A minister has apologised on behalf of the Ministry of Defence for the "unacceptable" experiences of harassment troops and veterans have faced.
Defence Minister Johnny Mercer said "there are elements that the MoD could and should have done better", and that for this he apologises.
Mr Mercer's comments came as he was forced to deny that a Bill aimed at stopping vexatious claims against armed service personnel could limit veterans' abilities to sue the MoD for wrongdoing.
Tory MP and former military member Stuart Anderson called on the Government to apologise for the "decades of harassment" troops and veterans have faced.
Mr Anderson said: "As a Northern Ireland veteran who served during the Troubles, it would be remiss of me not to mention this.
"I am also very grateful for everything the minister has done so far, getting us to this point, but, now he is the minister, will he apologise on behalf of the MoD for the decades of harassment our troops and our veterans have faced?"
Mr Mercer, a former British Army officer, replied: "Look, there is no doubt that the prominent protagonists in this have been human rights lawyers who have abused that system in order to make money and abuse some of the poorest people in the world in the process.
"But what I would say is that, yes, there are elements that the MoD could and should have done better and for some of our people those experiences have been unacceptable. And for those, yes, I do apologise."
Earlier, in response to a question from fellow Tory Marco Longhi, Mr Mercer said the treatment of veterans' families has also been "totally unacceptable".
He said: "The objective of this Bill (Overseas Operation Bill) is very clear and it is to restore fairness in the system for both veterans, service personnel and victims, for whom this process has not worked for many, many years.
"I'm afraid veterans and their families have not been considered in a lot of these processes.

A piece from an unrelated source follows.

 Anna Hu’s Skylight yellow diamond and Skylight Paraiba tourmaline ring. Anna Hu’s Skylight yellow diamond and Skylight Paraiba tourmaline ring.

"Some of their experiences have been totally unacceptable and this Government was elected to change that, to change this nation's relationship with her veterans. I'm very proud that we are doing that now and the whole House should be supportive of what we're trying to do to get this right."
Fellow Conservative James Sunderland asked for reassurance that soldiers will "never again be pursued by ambulance-chasing lawyers".

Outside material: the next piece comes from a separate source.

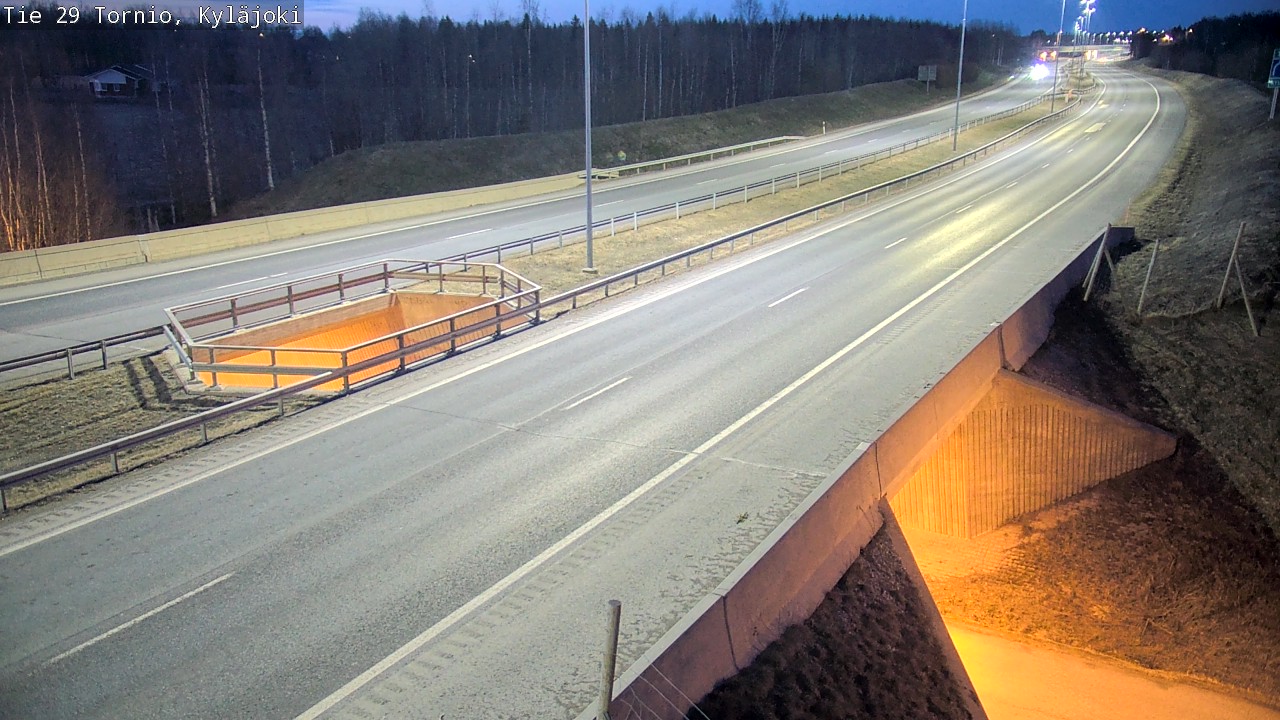 Weather Camera Image Road 29 Tornio Kyläjoki, Tornio, Lappi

Mr Mercer replied: "For me, service in the military is very, very clear - you adhere to the law.
"You break the law, you will be prosecuted and charged; you do nothing wrong, you have nothing to worry about."

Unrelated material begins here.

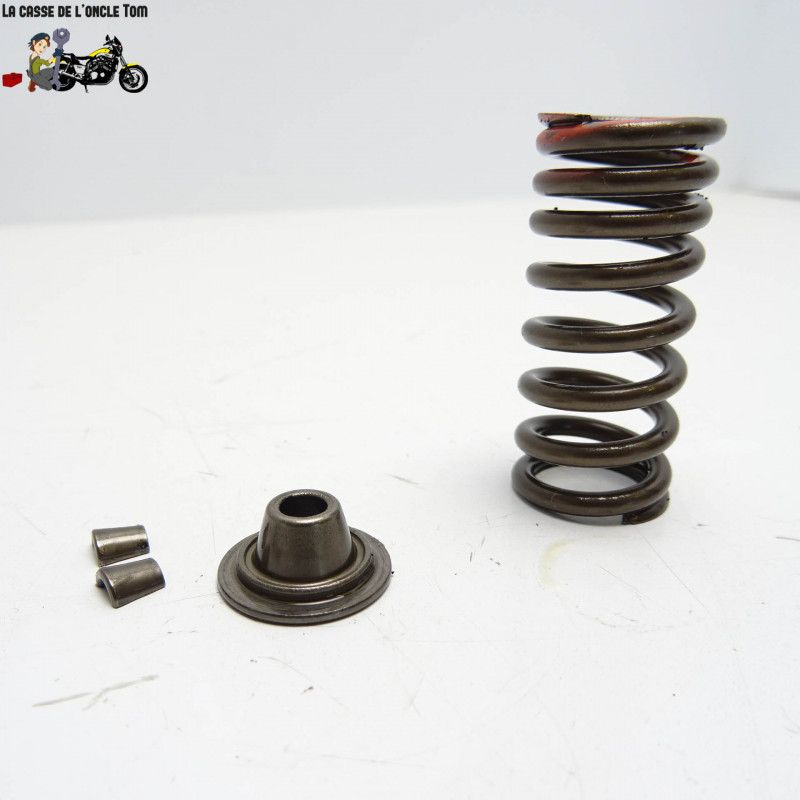 Soupape admission  Triumph 765 Street triple RS 2019 - CTM-11530-122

But raising an urgent question in the Commons, Labour's shadow defence secretary John Healey urged the Government to "get a grip" of its proposals for the Overseas Operation Bill.
Mr Healey said while Labour supports the Government's efforts to stop "the relentless cycle of vexatious legal claims or repeat investigations" against veterans, it has got "important parts of this Bill badly wrong".
"Why is he legislating to deny those who put their lives on the line for our country overseas the same employer liability rights as the UK civilians they defend?" Mr Healey asked.
Mr Mercer replied: "I would ask him to consider for a moment, given the history I have in this place, if I would attempt in any way to restrict the rights of service personnel to sue the Ministry of Defence or to claim for compensation after the event?"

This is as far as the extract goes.